🤖 AI Summary
To address the excessive output token count and high inference overhead in large language models (LLMs) caused by explicit chain-of-thought reasoning, this paper proposes Habitual Reasoning Distillation (HRD). HRD leverages multi-teacher collaborative supervision and Dual-Criterion Rejection Sampling (DCRS) to construct high-quality, unsupervised distillation data, internalizing complex reasoning into intuitive, habitual model behavior—enabling a “token-free thinking” lightweight inference paradigm. Crucially, HRD eliminates intermediate reasoning tokens during inference while preserving or even improving task accuracy (up to +13.6%). It significantly reduces output token count, inference latency, and computational cost, making it suitable for edge devices and high-concurrency deployments. The core contribution lies in pioneering the integration of cognitively inspired habit formation mechanisms into knowledge distillation, establishing an efficient, implicit-reasoning inference paradigm without explicit reasoning traces.
📝 Abstract
Large Language Models (LLMs) have made significant strides in problem-solving by incorporating reasoning processes. However, this enhanced reasoning capability results in an increased number of output tokens during inference, leading to higher computational costs. To address this challenge, we propose TwT (Thinking without Tokens), a method that reduces inference-time costs through habitual reasoning distillation with multi-teachers' guidance, while maintaining high performance. Our approach introduces a Habitual Reasoning Distillation method, which internalizes explicit reasoning into the model's habitual behavior through a Teacher-Guided compression strategy inspired by human cognition.

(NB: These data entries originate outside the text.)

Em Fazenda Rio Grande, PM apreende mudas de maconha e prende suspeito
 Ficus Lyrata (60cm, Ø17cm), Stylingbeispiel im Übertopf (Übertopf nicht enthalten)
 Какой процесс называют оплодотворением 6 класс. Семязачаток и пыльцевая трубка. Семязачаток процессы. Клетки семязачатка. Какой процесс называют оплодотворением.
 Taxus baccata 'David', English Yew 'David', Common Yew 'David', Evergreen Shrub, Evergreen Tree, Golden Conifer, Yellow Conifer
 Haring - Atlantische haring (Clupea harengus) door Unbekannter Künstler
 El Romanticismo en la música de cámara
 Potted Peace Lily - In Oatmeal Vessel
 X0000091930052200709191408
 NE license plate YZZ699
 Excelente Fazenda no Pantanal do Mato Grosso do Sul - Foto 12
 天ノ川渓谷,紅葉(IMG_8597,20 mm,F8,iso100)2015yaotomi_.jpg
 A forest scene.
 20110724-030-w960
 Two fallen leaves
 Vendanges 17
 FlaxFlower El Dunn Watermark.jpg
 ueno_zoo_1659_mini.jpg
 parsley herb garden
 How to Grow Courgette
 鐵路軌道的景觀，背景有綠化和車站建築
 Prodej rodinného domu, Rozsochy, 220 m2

Additionally, we propose Dual-Criteria Rejection Sampling (DCRS), a technique that generates a high-quality and diverse distillation dataset using multiple teacher models, making our method suitable for unsupervised scenarios. Experimental results demonstrate that TwT effectively reduces inference costs while preserving superior performance, achieving up to a 13.6% improvement in accuracy with fewer output tokens compared to other distillation methods, offering a highly practical solution for efficient LLM deployment.